The Russian company that was discovered to have been involved in the data falsification is Internet media outlet “Inosmi,” which monitors and translates Russia-related articles, blogs, and reader comments published on foreign media platforms. Like the Sputnik news agency, Inosmi belongs to a state-dominated media group.


On Sept. 10, 2021, Inosmi published Russian translations of seven comments on a Newsweek Japan article titled “What is expected of Japan amid the new East-West conflict.” The comments, Inosmi claimed, were posted by “Japanese readers” on the Yahoo News site that carried the article.

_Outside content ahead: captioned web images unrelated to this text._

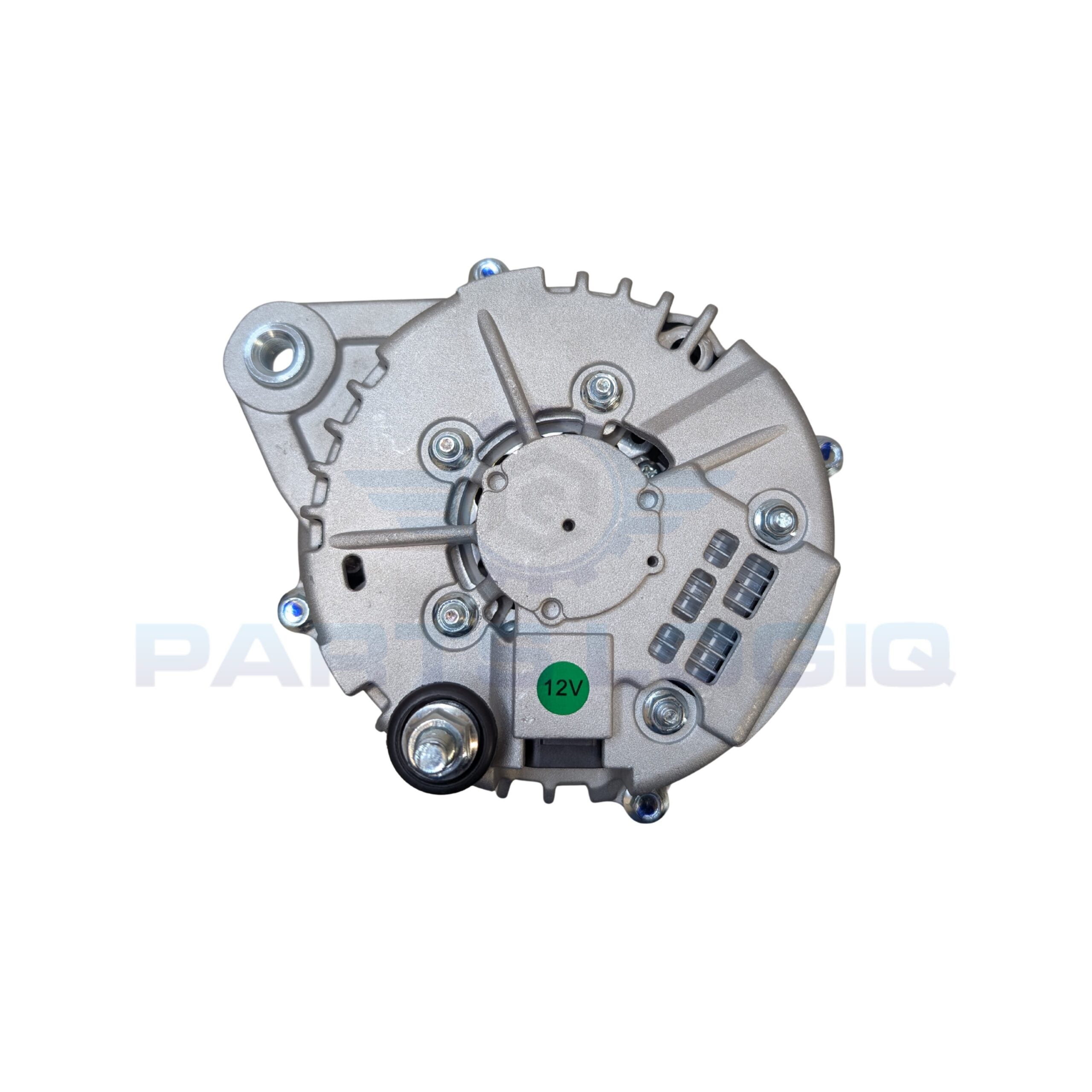 Alternator - Image 4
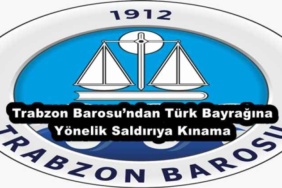 trabzon_barosundan_turk_bayragina_yonelik_saldiriya_kinama_h56561_4fe4d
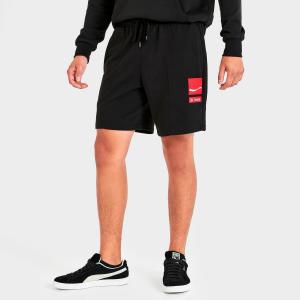 Puma x Coca Cola 8 CDEK.Shopping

Mainichi compared Inosmi’s Russian translations with the Japanese originals and discovered that the translation of one of the comments included parts that didn’t exist in the original. For example, the following was added to one comment: “Japanese people must grow up now and stop hiding behind the United States. In a crisis, the United States won’t help us anyway.”


On Dec. 2, 2021, Inosmi published translations of 13 comments on a Shukan Asahi article about the first joint maritime drill between China and Russia in the vicinity of Japan (Inosmi attributed the article to the Asahi Shimbun). One of the comments, which originally stated that the Russian and Chinese activities were conducted with the USFJ and their bases in mind, was significantly altered in the Russian translation and included an additional content that said, “Eliminate the [USFJ] bases! Everything will be fine without them.”


Mainichi found more than 20 cases in which Inosmi had tampered with or made additions to comments posted by Japanese readers since January 2021.


In September 2021,  Cardiff University’s Crime and Security Research Institute, which analyzes Russia’s influence operation, issued a report pointing out that “Russia is distorting reader comments published in Western media to misrepresent Western public opinion and to influence [Russia’s domestic audience].” This kind of effort by Russia is pervasive, and Inosmi is reportedly at the center of it.


Koizumi Yu, a project assistant professor who specializes in Russian military and security at the Research Center for Advanced Science and Technology at the University of Tokyo, believes that Inosmi’s activity is part of Russia’s worldwide effort to manipulate information. “No meaningful study has been done on Russia’s information war on Japan,” Koizumi said. “Japan is totally unaware that its language space has become a stage of international conflict, despite the fact Japan is a major global power and democracy that has its own national interests,” he warned.


Inosmi responded to Mainichi’s inquiry by saying that the company has only one Japanese translator and no editor who understands Japanese, thereby seeming to admit that there could be mistaken translations. It continued, however, “We don’t alter reader comments. We have no intention at all of doing so. A great number of comments are posted on each Japanese article. We can find interesting ones without doctoring them.”


Mainichi reported its finding to Yahoo! Japan. “We don’t believe it appropriate to make excessive changes or add misleading interpretation when quoting user comments,” Yahoo! Japan replied, adding, “Although Inosmi’s intention is unclear, we will gather information and monitor future developments to consider what measures to take.”


Yahoo has introduced a system that utilizes artificial intelligence to shut down comment sites that carry libelous remarks. The company has also banned posts to accounts that violate guidelines set by Yahoo. About the Inosmi case, however, Yahoo remarked: “[Inosmi is] translating and quoting open information that we have made public. As such, there’s only so much we can do.”